Les conseils ouvriers ou l’autogouvernement

vendredi 22 juillet 2011
popularité : 4%

Anton Pannekoek est clair dès le départ.
Il titre son texte : « L’organisation des Conseils. » Et annonce : « Les conseils ouvriers sont la forme d’auto-gouvernement qui remplacera, dans les temps à venir, les formes de gouvernement de l’ancien monde. » Et il poursuit : « Bien entendu, pas pour toujours ; aucune de ces formes n’est éternelle.

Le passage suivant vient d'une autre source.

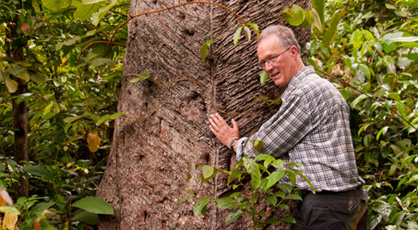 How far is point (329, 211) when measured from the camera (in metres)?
1.91

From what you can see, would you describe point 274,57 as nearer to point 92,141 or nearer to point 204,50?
point 204,50

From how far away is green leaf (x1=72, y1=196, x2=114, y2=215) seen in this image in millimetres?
2348

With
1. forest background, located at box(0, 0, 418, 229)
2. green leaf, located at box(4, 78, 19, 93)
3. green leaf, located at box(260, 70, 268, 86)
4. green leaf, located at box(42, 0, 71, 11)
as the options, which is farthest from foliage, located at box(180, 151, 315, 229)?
green leaf, located at box(4, 78, 19, 93)

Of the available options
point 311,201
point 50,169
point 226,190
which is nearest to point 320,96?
point 311,201

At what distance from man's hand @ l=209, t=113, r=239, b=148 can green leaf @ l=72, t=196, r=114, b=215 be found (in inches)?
35.7

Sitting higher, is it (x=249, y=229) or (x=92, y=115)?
(x=92, y=115)

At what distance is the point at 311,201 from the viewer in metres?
1.94

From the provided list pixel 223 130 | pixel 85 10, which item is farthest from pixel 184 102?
pixel 85 10

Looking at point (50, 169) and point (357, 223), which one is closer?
point (357, 223)

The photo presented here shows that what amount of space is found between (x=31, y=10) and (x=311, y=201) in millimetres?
2517

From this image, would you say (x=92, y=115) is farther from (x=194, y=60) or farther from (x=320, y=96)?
(x=320, y=96)

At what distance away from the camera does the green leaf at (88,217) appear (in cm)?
246

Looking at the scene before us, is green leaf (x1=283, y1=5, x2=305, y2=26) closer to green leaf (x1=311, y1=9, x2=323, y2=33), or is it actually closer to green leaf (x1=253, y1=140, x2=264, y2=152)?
green leaf (x1=311, y1=9, x2=323, y2=33)

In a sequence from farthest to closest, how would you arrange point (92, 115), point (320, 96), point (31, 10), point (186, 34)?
point (31, 10) → point (92, 115) → point (186, 34) → point (320, 96) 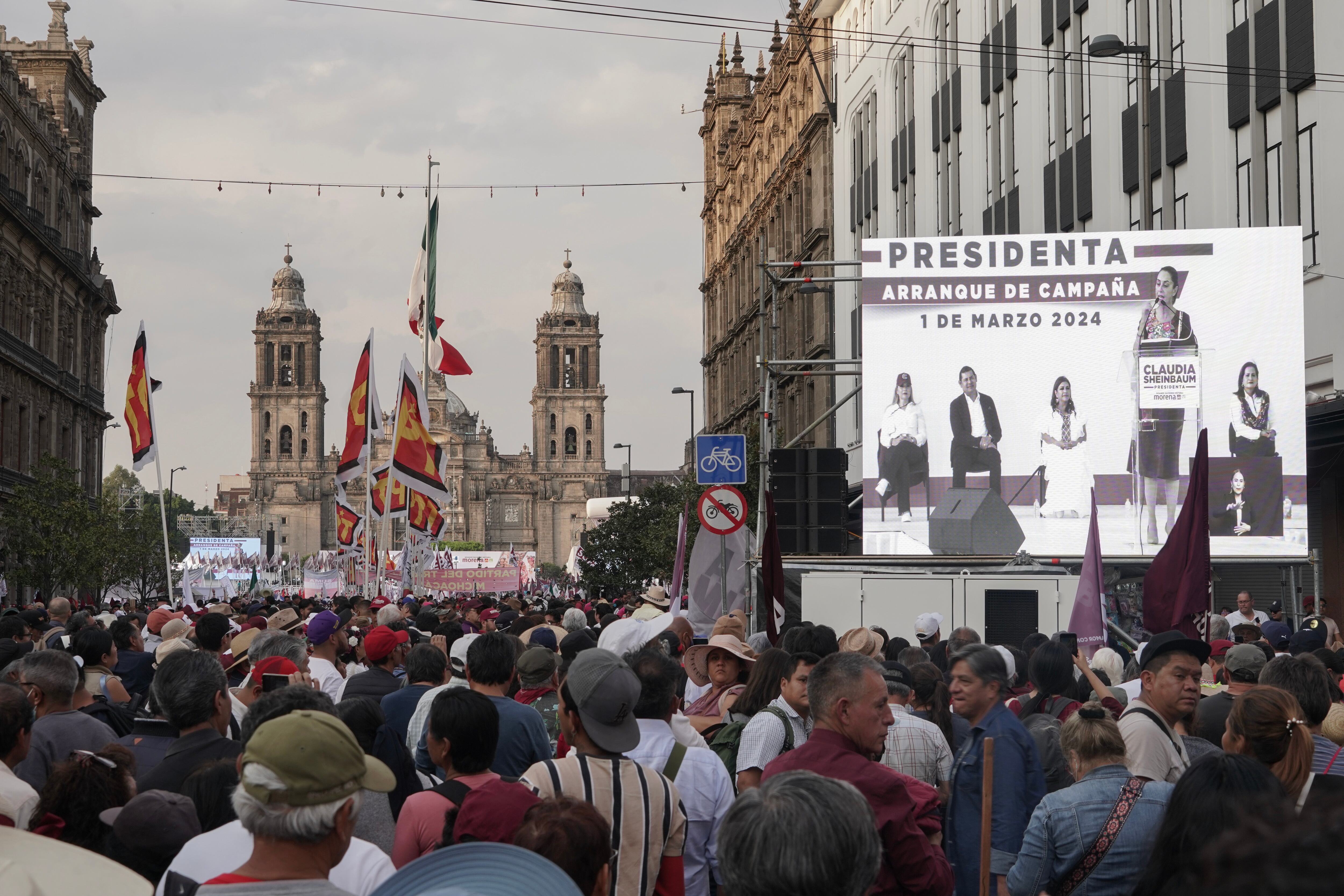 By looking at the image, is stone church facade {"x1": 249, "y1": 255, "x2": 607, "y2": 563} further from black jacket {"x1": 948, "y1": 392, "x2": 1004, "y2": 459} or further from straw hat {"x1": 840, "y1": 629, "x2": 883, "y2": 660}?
straw hat {"x1": 840, "y1": 629, "x2": 883, "y2": 660}

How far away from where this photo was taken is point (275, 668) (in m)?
7.43

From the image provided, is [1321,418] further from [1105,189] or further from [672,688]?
[672,688]

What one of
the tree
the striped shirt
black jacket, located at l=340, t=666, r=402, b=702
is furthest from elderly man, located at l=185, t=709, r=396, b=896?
the tree

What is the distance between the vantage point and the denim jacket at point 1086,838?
4.62 meters

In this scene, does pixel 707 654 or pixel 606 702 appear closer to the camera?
pixel 606 702

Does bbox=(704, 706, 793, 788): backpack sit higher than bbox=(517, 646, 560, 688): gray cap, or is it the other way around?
bbox=(517, 646, 560, 688): gray cap

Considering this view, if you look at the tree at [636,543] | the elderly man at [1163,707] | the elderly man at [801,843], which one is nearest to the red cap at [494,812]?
the elderly man at [801,843]

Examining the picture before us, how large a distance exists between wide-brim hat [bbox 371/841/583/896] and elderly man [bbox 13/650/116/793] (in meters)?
3.75

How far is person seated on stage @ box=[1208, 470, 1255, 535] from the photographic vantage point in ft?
67.6

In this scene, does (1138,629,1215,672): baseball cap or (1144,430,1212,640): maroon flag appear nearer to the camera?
(1138,629,1215,672): baseball cap

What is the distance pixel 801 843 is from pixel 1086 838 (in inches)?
68.9

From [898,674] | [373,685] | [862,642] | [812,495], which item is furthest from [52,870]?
[812,495]

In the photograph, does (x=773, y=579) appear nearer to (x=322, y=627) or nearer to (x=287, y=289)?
(x=322, y=627)

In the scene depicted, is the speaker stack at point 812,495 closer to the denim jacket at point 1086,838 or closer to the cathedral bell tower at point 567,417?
the denim jacket at point 1086,838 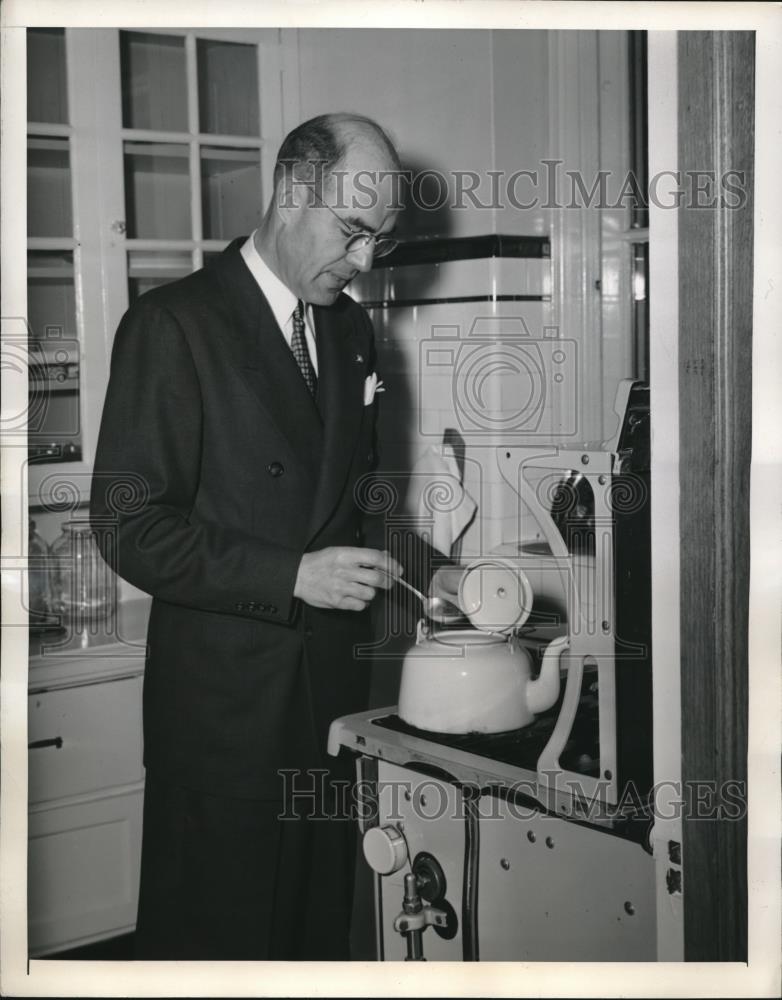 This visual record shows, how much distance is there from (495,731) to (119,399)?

Quand la vie et le travail en communauté constituent une façon d’être normale, quand l’humanité contrôle entièrement sa propre vie, la nécessité fait place à la liberté et les règles strictes de justice établies auparavant se résolvent en un comportement spontané. » Et il ajoute pour concrétiser : « Les conseils ouvriers sont la forme d’organisation de la période de transition pendant laquelle la classe ouvrière lutte pour le pouvoir, détruit le capitalisme et organise la production sociale. »

COMMUNISME OU SOCIALISME D’ETAT ?

« Pour connaître leur véritable caractère, il sera utile de les comparer aux formes existantes d’organisation et de gouvernement que la coutume présente à l’esprit public comme allant de soi. »

Auparavant toutefois, Anton Pannekoek avait tenu à préciser « que le système social dont il est question ici pourrait être appelé du nom de communisme si ce nom n’était utilisé dans la propagande mondiale du »Parti communiste« (les guillemets sont de lui) pour désigner son système de socialisme d’Etat, sous une dictature du parti. »

Mais qu’est-ce qu’un nom ?, interroge-t-il.

« On abuse toujours des noms pour tromper les masses : les sons familiers les empêchent de penser d’une manière critique et d’apprécier clairement la réalité. »Donc, au lieu de chercher le nom qui convient, il sera plus utile d’examiner de plus près la caractéristique principale du système : l’organisation des conseils."

C’est, je le rappelle le titre donné à ce texte.

COMPARER PARLEMENTS ET CONSEILS OUVRIERS

Les communautés trop vastes pour se réunir en une seule assemblée règlent toujours leurs affaires au moyen de représentants, de délégués ;

« Lorsque nous parlons, indique-t-il de l’administration des affaires par des délégués élus, c’est toujours aux parlements que nous pensons ; c’est donc surtout aux parlements que nous devons comparer les conseils ouvriers si nous voulons discerner leurs traits essentiels. »

La différence, dit-il, saute aux yeux dès l’abord : les conseils ouvriers s’occupent du travail et doivent règler la production, alors que les parlements sont des corps politiques qui discutent et décident des lois et des affaires de l’Etat.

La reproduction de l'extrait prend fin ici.